The Attorney-General

The Amendment, moved in such an attractive fashion by the hon. Member for Oldham, West (Mr. Hale), is deceptive in its simplicity. Its very simplicity might lead one to think that it was an eminently desirable Amendment to accept, and so it is on the face of it. But when one comes to examine the position and to consider what is likely to arise, I hope that the hon. Gentleman will see that it would not be in the interest of the litigants in the county courts if this Amendment were accepted.

In considering whether or not to transfer a case from one court to another, a county court judge should properly have regard not only to the interests of the particular parties to that action but to the interests of the other litigants on his list in that court. I will, in a moment or two, give an indication of what this Clause is meant to deal with.

I would remind the Committee that at present, under Order 16, Rule 1, the judge may transfer the proceedings to another court where they can be suitably tried, but under the provision the whole of the proceedings must be transferred and all the interlocutory work must take place at the other court. It may be in the interests of the parties for the interlocutory work to take place in the court where the proceedings were started. That may be a court in which the judge sits only once a month. If he sees that there is a long case likely to go from one month to the next and fill up the whole of his day's work at the expense of other litigants who want to come on, it may be right and advisable for the proceedings, although they had been started in that court, to be transferred to another court where the judge can give continuous attention to that long case and it would not get in the way of other litigants. So it would be limiting it too narrowly to make this provision exercisable only if it appeared to be in the interests of the particular parties.

I think that it is difficult to define the conditions and considerations which a county court judge would always have to bear in mind. I think that one can leave this safely to the county court judges who, by and large, although one may remember some odd happenings, do their utmost to meet the needs of those who appeared in their courts. I think that we can safely leave it to them, bearing in mind this—and no doubt attention will be drawn to it—that if it were found that a practice that one person was developing was leading to inconvenience to litigants and to others, there is, in addition to Order 16, Rule 1, also power under Section 38 of the principal Act whereby A judge may, with the consent of the parties to any proceedings, hear and determine the proceedings … at any place either within or without any district for which he is judge. There is, therefore, no need for an additional provision for the consent of the parties. This provision was so drawn as to enable, and with the object of enabling, the problem to be dealt with in particular where the courts sit once a month—courts where there may be a great number of small cases and where there suddenly starts a big case which will hold up the whole of the list—whereby, in the big town more than in the country, there can be a transfer which will be in the interest and to the convenience not only of the litigants in a particular action but to the other litigants who are waiting for their cases to come on.
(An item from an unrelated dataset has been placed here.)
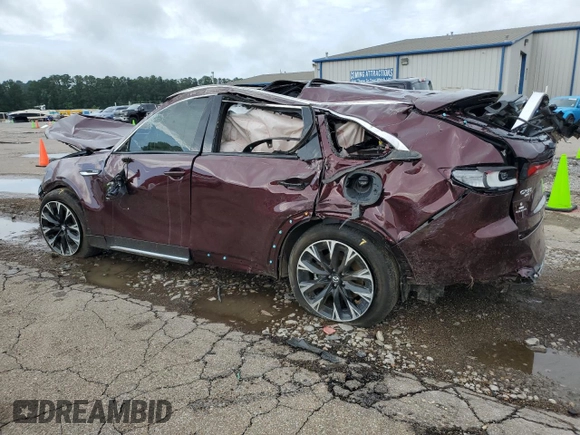 2024 Mazda CX-90 Premium with VIN JM3KKDHAXR1107854, listed as a Copart auction lot 60714955 with 7,802 mi miles and Salvage title. Bid and sale history available at DreamBid. Image 2.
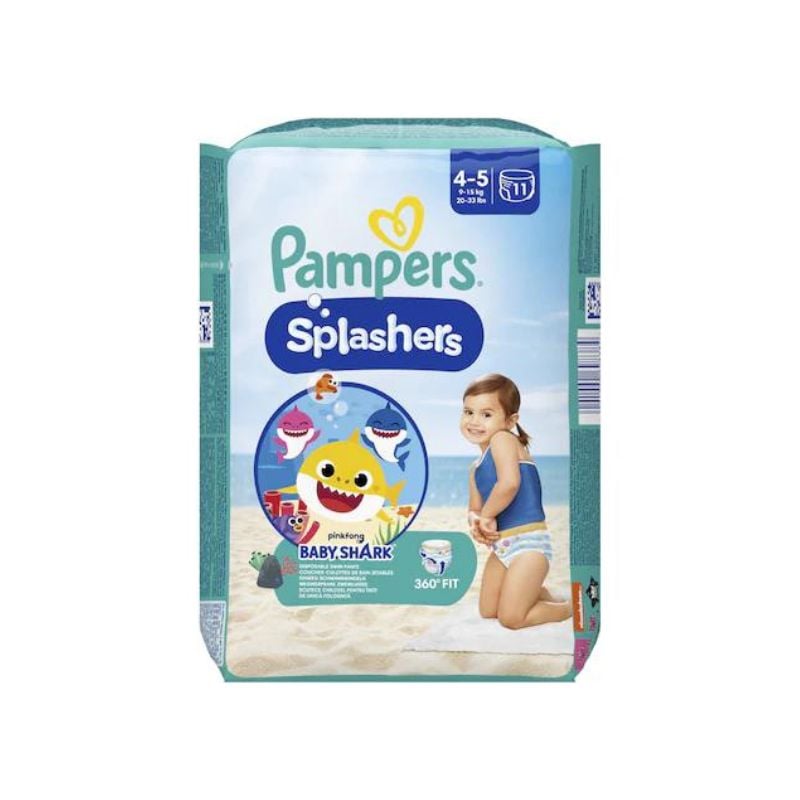 Scutece Chilotel Pentru Apa Splashers Baby Shark, Marimea 4-5, 9-15 Kg, 11 Bucati, Pampers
The hon. Gentleman moved the Amendment in a most attractive and sympathetic fashion. I fully appreciate the dangers to which he has drawn attention, and I am not unsympathetic with his idea; but I think we must go a little wider than the interests of the parties in a particular action, and that if this is to work, as I believe it will, to the advantage of the litigants, we must leave it to the discretion of the county court judge in the way suggested.

Sir L. Ungoed-Thomas

The longer the Bill goes on and the more I hear of the Government's approach to it, the less I like it. When I first saw the Amendment in the name of my hon. Friend the Member for Oldham, West (Mr. Hale) I thought it was rather unnecessary and that the answer would be, "This is exactly what the county court judge will inevitably do and what the whole object of the rule will be, namely, to see that discretion is exercised in the interests of the litigants." We find now that it is not so at all. The Attorney-General started off—

The Attorney-General

I am sure that the hon. and learned Gentleman does not wish to mispresent what I said. It would be wrong to confine this solely to the interests of the litigant, or, it might be, the interests of the two litigants. If their case was transferred, that might be to the great disadvantage of a great many more. It might, of course, be possible to transfer a case without doing anyone inconvenience. I would not like it to be thought or suggested that the judge, in deciding whether or not to transfer a case, should not bear in mind the interests of the parties as well as to the interests of the other litigants.

Sir L. Ungoed-Thomas

I understood what the Attorney-General said in the first place. He said it clearly and I understood it clearly. He has now explained clearly what he said clearly before. He started off with the proposition that it would not be in the interests of the litigants to have a stipulation in the Bill that the judgment should be in the interests of the litigants. This seemed rather an astonishing proposition until I found that the litigants about whose interest the Attorney-General was concerned were not the litigants who were actually the parties to the proceedings.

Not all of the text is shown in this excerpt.